Buna karşılık, medya liberteryeni gibi, medyanın devlet ya da otoritelerden bağımsız olmasını ve her tür sınırlamaya karşı olan bir kesim, tıpkı televizyon gibi sosyal medyanın da toplumda zaten (olumlu ve olumsuz) özellikleri sadece “yansıtmakla kaldığını”, bunların sebebinin ve üreticisinin sosyal medya olmadığını söylüyor. Bu çok inandırıcı gelmiyor? Sosyal medya kolaylığı sayesinde herkesin istediği anda fazlasıyla düşünüp taşınmadan düşüncelerini, tepkilerini yalan yanlış ortaya saçmasına neden oluyor. Bu durum, henüz belli bir ahlaki ve düşünsel kapasite kazanmamış ve değerlendirme becerileri yeterince gelişmemiş ergenler için belirli risk ve tehlikeleri beraberinde getiriyor.
Peki bu yasalar tek başına yeterli mi? Sanmıyorum. Çünkü henüz yürürlüğe girmemiş olan bu yasalar uygulansa bile, çocukları ve gençleri korumak adına tek başına yeterli olmayacaktır. Ailenin, okulun, dev teknoloji şirketlerinin desteği ve işbirliği olmadan; ekran ve beraberinde getirdiği risklerden gençleri korumamız kolay gözükmüyor.
Bu yasal çerçevelerin tek başına yeterli olmadığını kabul ettikten sonra, peki ebeveynler ne yapabilir? Dijital dünyada gençlerle birlikte yürümek için; bu konuda konuşmaya ve onları dinlemeye açık olmak, hangi platformların onları heyecanlandırdığını anlamayı denemek iyi bir başlangıçtır. Ayrıca, risk almadan büyümenin mümkün olmadığını ve gençlerin de yetişkinler gibi hatalar yapılabileceğini ve ancak öyle öğrenebileceklerini hatırlamak faydalı olabilir.
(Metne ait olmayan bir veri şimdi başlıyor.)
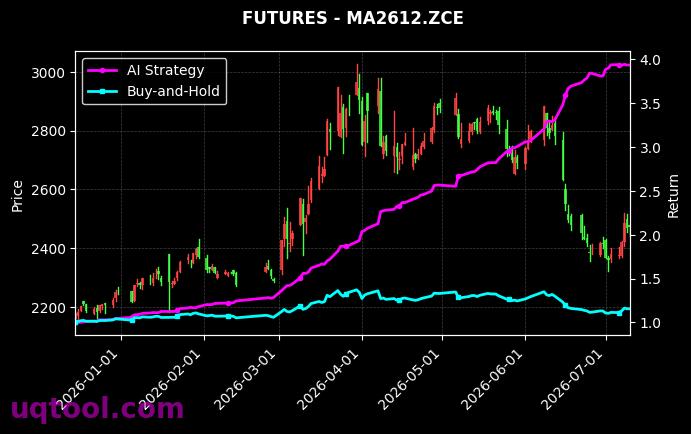碳酸锂2701,甲醇2612[LC2701.GFE,MA2612.ZCE] 策略信号图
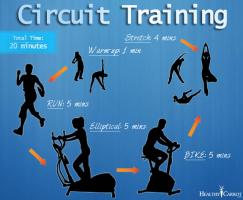 Circuit Training quote #2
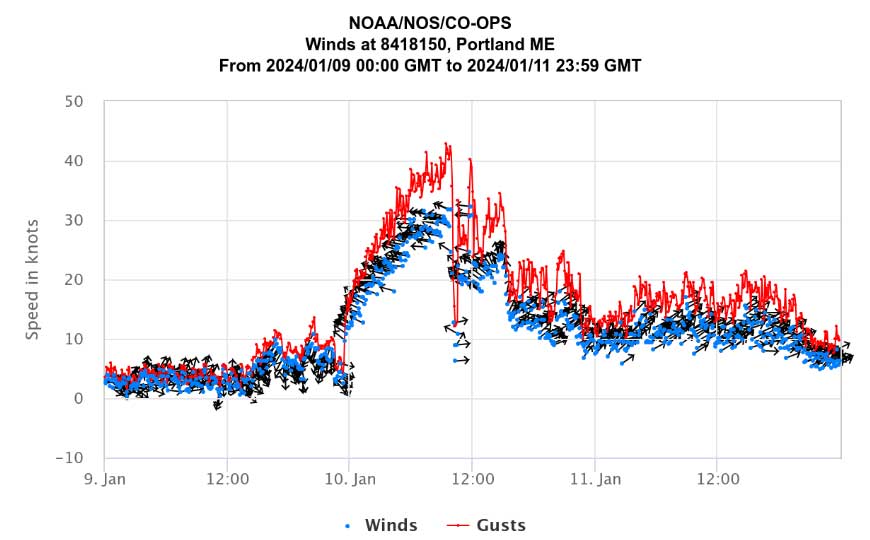 Observed wind direction and velocity by the NOAA monitoring station in Portland Harbor.
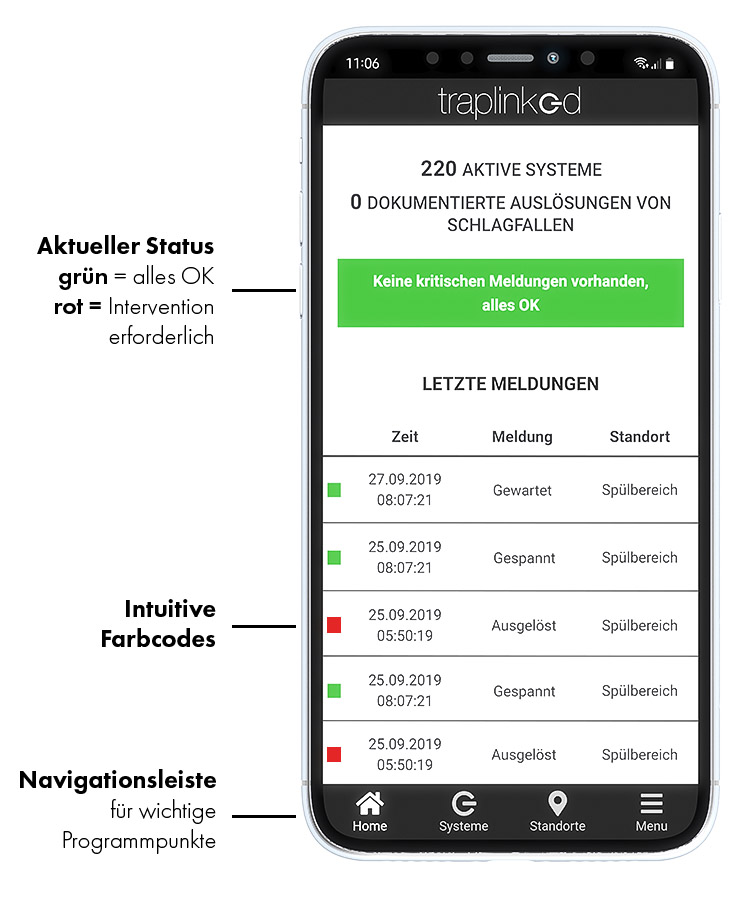 Software_Beschriftet_DE_Smartphone Traplinked Software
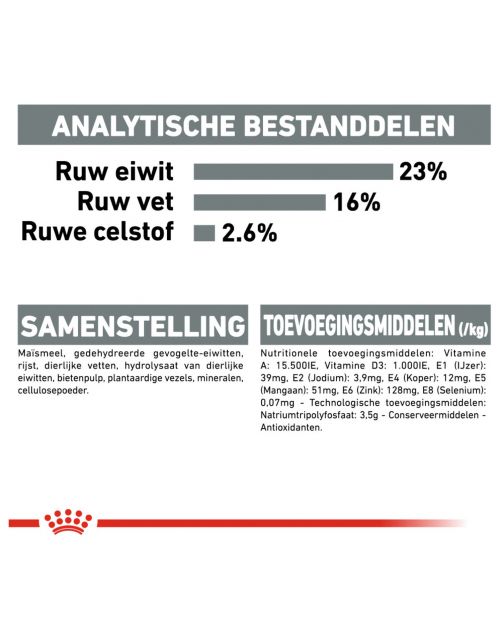 Royal Canin Dental Care Medium - Hondenvoer
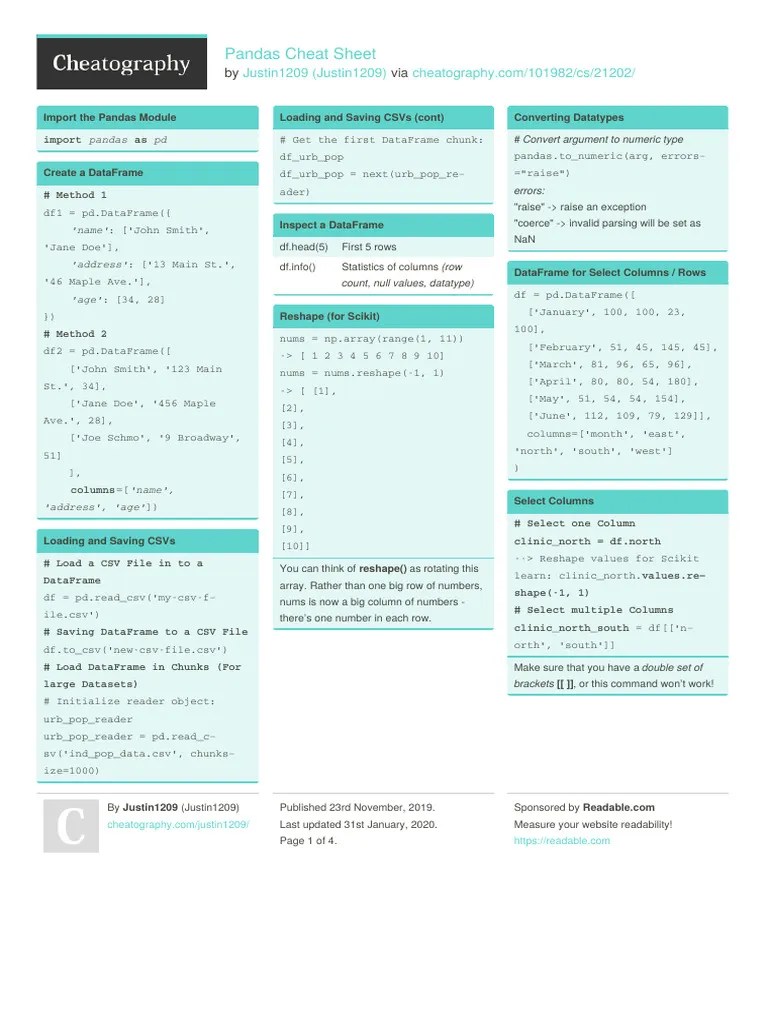 Pandas - Cheatsheet | PDF | Computer Programming | Computer Science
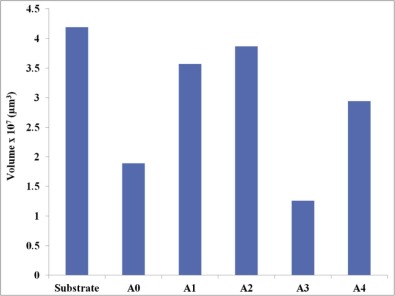 Volume of material transfer for all flat samples.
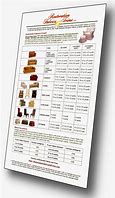 Image result for Slipcover Fabric Estimate Chart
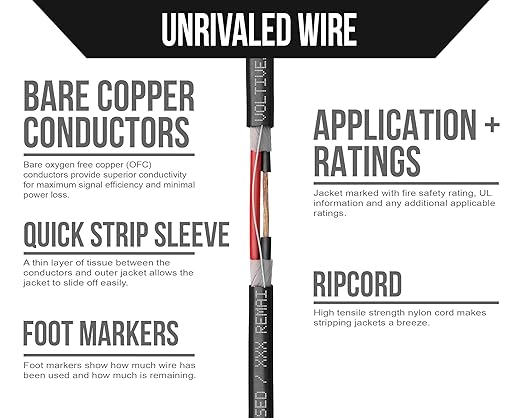 Voltive 16/2 Speaker Wire, in-Wall CL3 & Direct Burial, 500ft
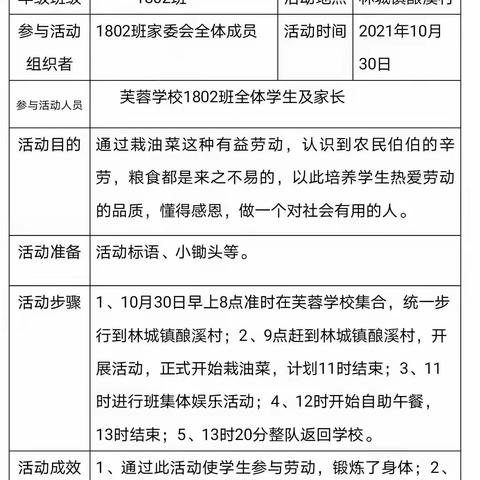 会同芙蓉学校1802班社会实践活动——《探究菜籽油奇妙旅行》——栽油菜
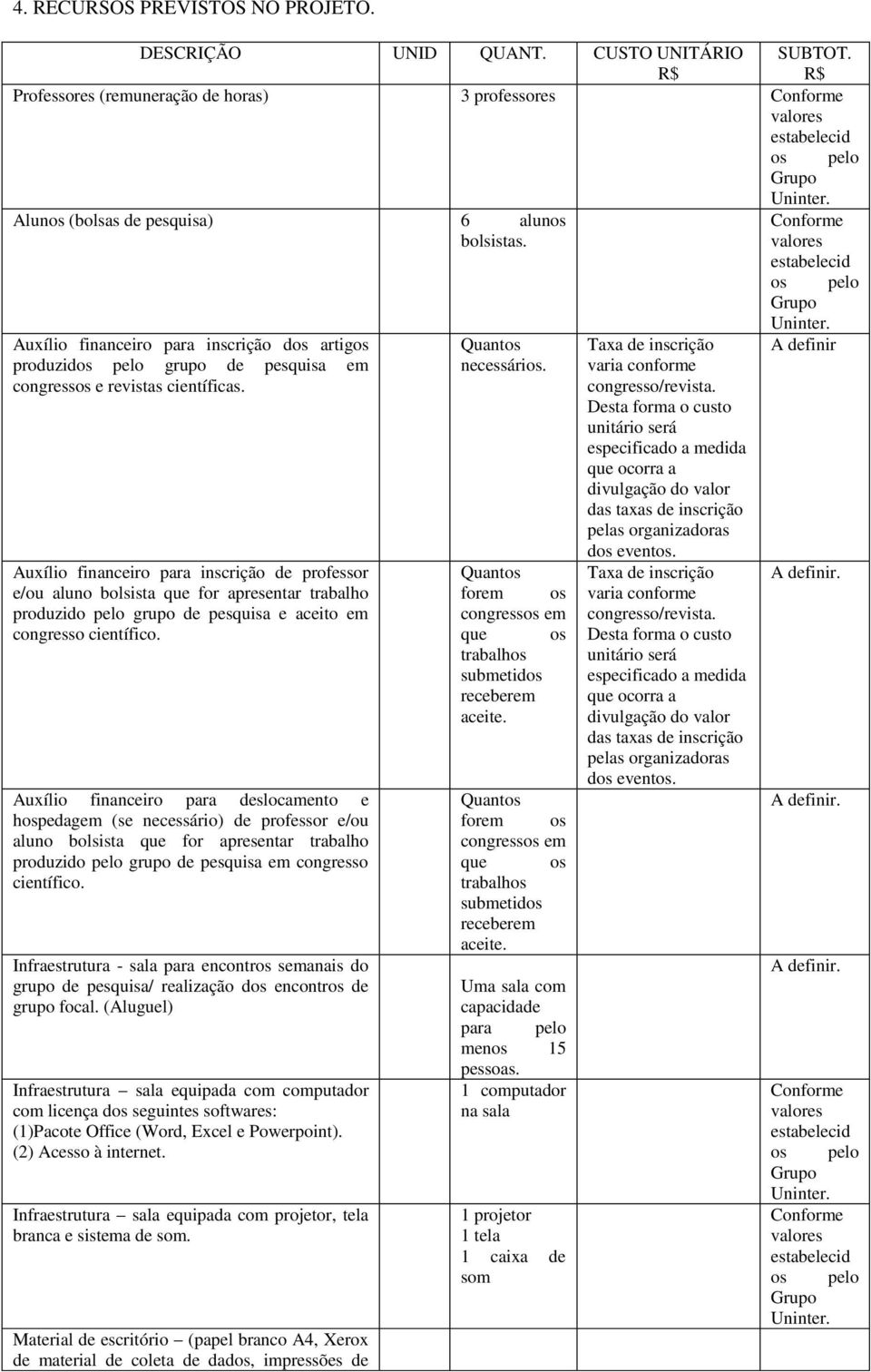 Auxílio financeiro para inscrição de professor e/ou aluno bolsista que for apresentar trabalho produzido pelo grupo de pesquisa e aceito em congresso científico.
Ebeveynler ve Yetişkinler İçin Dikkat Edilmesi Gereken Noktalar
Yargılamak yerine merak edin.
Gençlerin dijital ortamda ne yaptığını anlamaya çalışırken “fazla vakit harcıyorsun” ya da “boş şeylerle uğraşıyorsun” gibi tepkiler yerine, “Seni orada tutan şey ne?”, “Bu seni nasıl hissettiriyor?” gibi merak içeren sorularla yaklaşmak çok daha dönüştürücüdür.
Sınır koymak kadar, eşlik etmek de önemli.
Evet, dijital ortamda sınırlara ihtiyaç var. Ama sadece kontrol değil, birlikte içerik izlemek, üzerine konuşmak, gencin dijital deneyimini anlamaya çalışmak da bir o kadar kıymetli. Bu, genç için yalnız olmadığını ve yargılanmadan görülebileceğini hissettirir.
Dijital alanı “karşıt” değil, “gençleri anlamamızı sağlayan” bir alan olarak düşünün.
Sosyal medya, gençlerin içinde oldukları dünyayı ve arayışlarına dair fikir verir. Takip ettikleri içerikler, ürettikleri paylaşımlar, ilgi duydukları hesaplar… hepsi bize bir şey anlatır. Buralara dikkatle ve önyargısız bakmak, gencin iç dünyasına açılan bir kapı olabilir.
Doğrudan eleştirmek yerine ona model olun ve eleştirel düşünmeye teşvik edin:
“Son zamanlarda sosyal medya kullanımım üzerine daha çok düşünüyordum. Kendimle ilgili paylaştığım her şeyi — neyi, kiminle ve neden paylaştığımı — sorguluyorum. Bir gönderi paylaşmadan ya da bir fotoğraf yüklemeden önce kendime ‘Bu içerikten sonra utanır mıyım? Rahatsız olur muyum?’ diye soruyorum. Bu sorular benim daha bilinçli seçimler yapmama yardımcı oluyor” gibi.